## WORK INSTRUCTION:
Leaving out any pictures, print the entries that follow exactly as they stand.
== Segment start ==
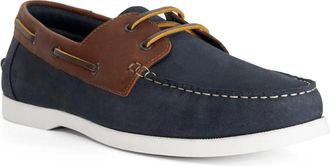 Dune London Mens Bambbie - Leather Boat Shoes - Navy - Size UK 10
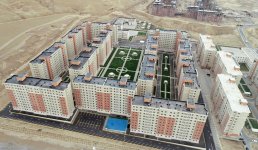 Prezident İlham Əliyev və birinci xanım Mehriban Əliyeva məcburi köçkünlər üçün salınmış “Qobu Park-2” yaşayış kompleksinin açılışında iştirak ediblər (FOTO) (YENİLƏNİB-2)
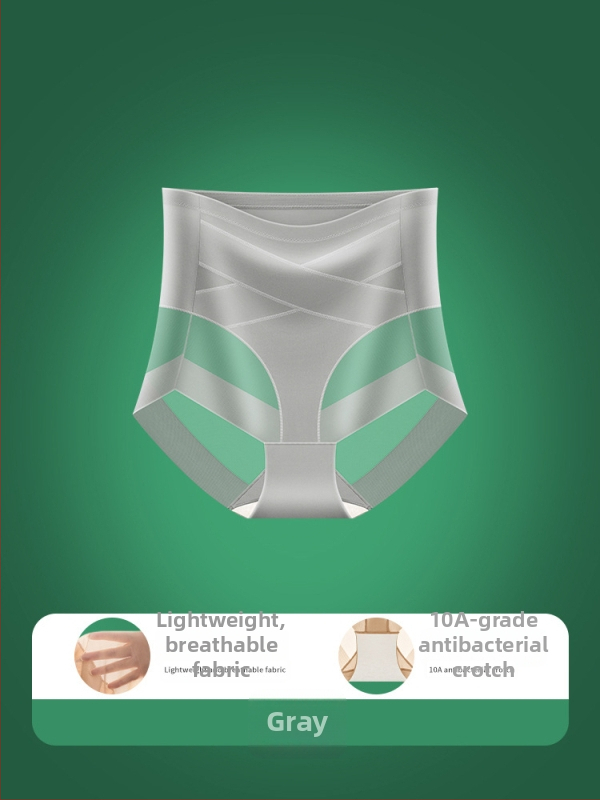 Postnatálne formujúce nohavice s krížovými pútkami, Ice Silk, sieťovinový materiál, vysoký pás, antibakteriálna podšívka zo šľacht hodvábu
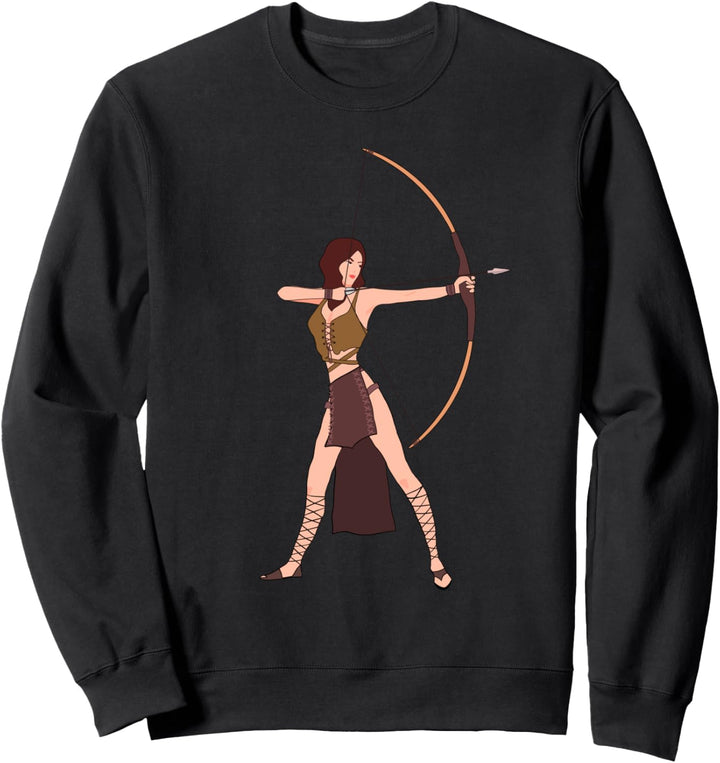 Artemis Göttin der Jagd Griechische Mythologie Alter Jäger Sweatshirt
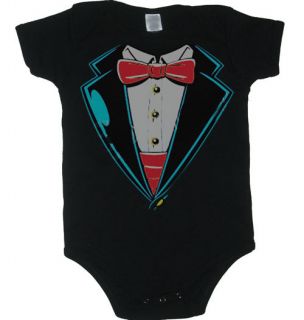 tuxedo design cute funny infant tux baby tee shirt t shirt onesie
== Segment end ==
## WRITTEN ANSWER:
 Dune London Mens Bambbie - Leather Boat Shoes - Navy - Size UK 10
 Prezident İlham Əliyev və birinci xanım Mehriban Əliyeva məcburi köçkünlər üçün salınmış “Qobu Park-2” yaşayış kompleksinin açılışında iştirak ediblər (FOTO) (YENİLƏNİB-2)
 Postnatálne formujúce nohavice s krížovými pútkami, Ice Silk, sieťovinový materiál, vysoký pás, antibakteriálna podšívka zo šľacht hodvábu
 Artemis Göttin der Jagd Griechische Mythologie Alter Jäger Sweatshirt
 tuxedo design cute funny infant tux baby tee shirt t shirt onesie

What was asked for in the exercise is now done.